_Given records_
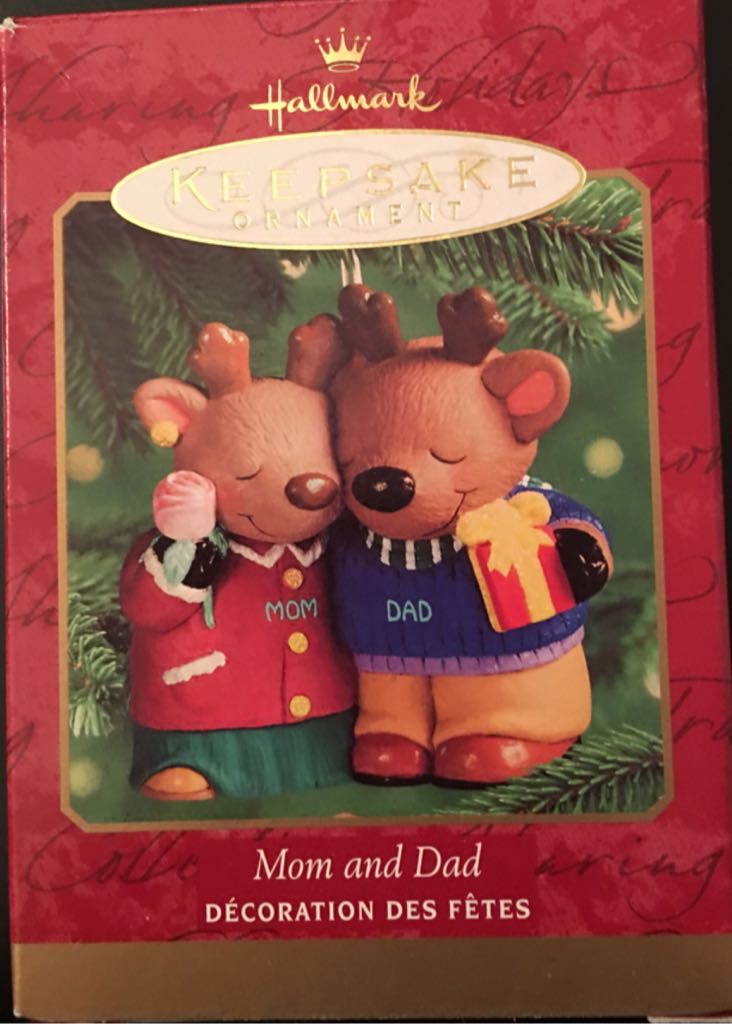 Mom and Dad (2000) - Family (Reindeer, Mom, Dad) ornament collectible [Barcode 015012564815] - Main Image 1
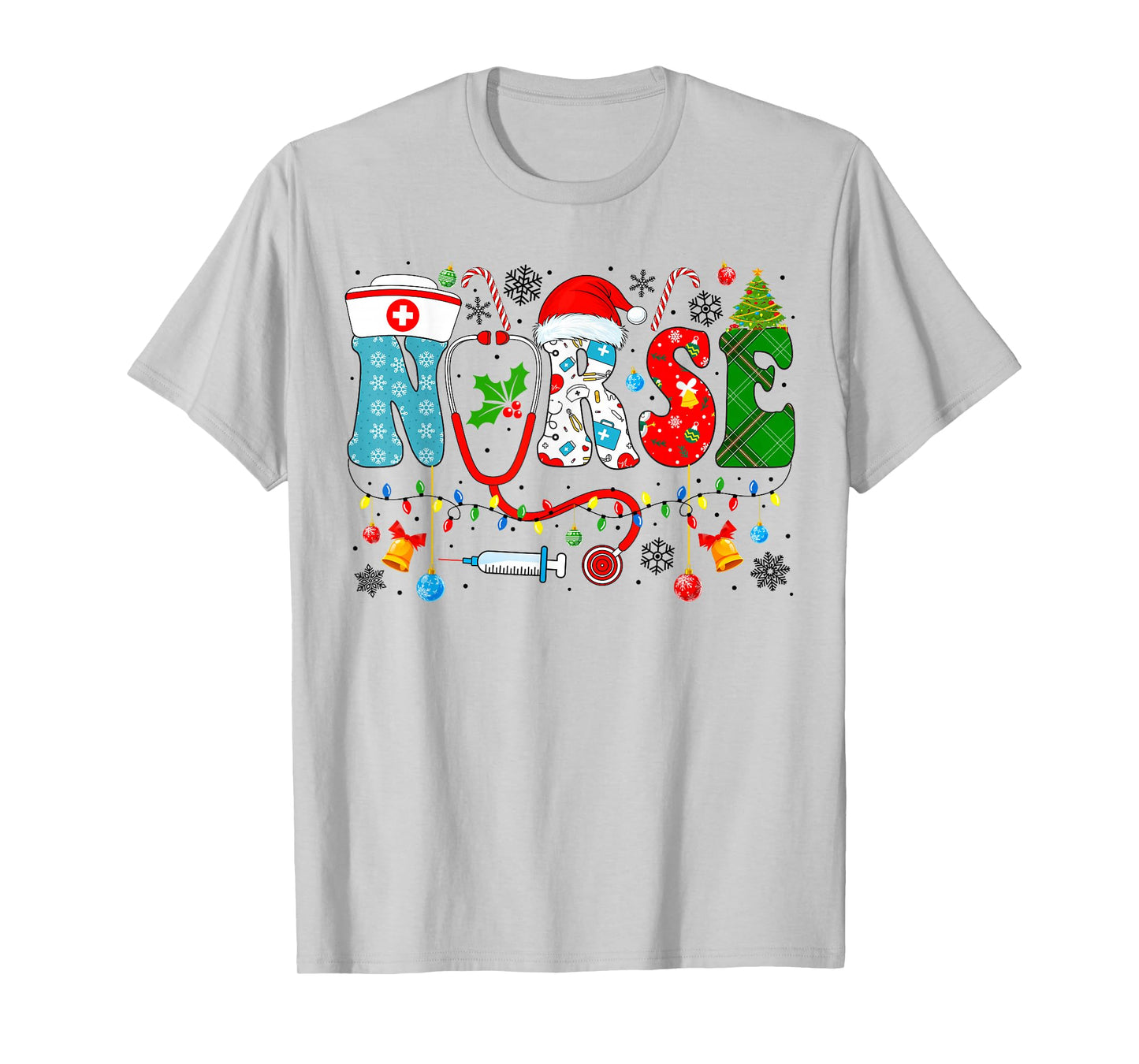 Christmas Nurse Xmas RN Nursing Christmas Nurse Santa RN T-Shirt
---
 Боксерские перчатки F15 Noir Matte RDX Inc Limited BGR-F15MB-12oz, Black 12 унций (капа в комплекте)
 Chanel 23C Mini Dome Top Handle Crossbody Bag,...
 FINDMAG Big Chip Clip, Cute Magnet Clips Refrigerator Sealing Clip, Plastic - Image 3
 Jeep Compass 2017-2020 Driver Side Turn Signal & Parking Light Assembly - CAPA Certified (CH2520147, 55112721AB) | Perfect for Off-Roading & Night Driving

_Your goal_
Everything in the material above from the line that has "Chanel 23C Mini" through the line that has "Jeep Compass 2017-2020" must be duplicated exactly, with no other lines given.

_Exercise result_
 Chanel 23C Mini Dome Top Handle Crossbody Bag,...
 FINDMAG Big Chip Clip, Cute Magnet Clips Refrigerator Sealing Clip, Plastic - Image 3
 Jeep Compass 2017-2020 Driver Side Turn Signal & Parking Light Assembly - CAPA Certified (CH2520147, 55112721AB) | Perfect for Off-Roading & Night Driving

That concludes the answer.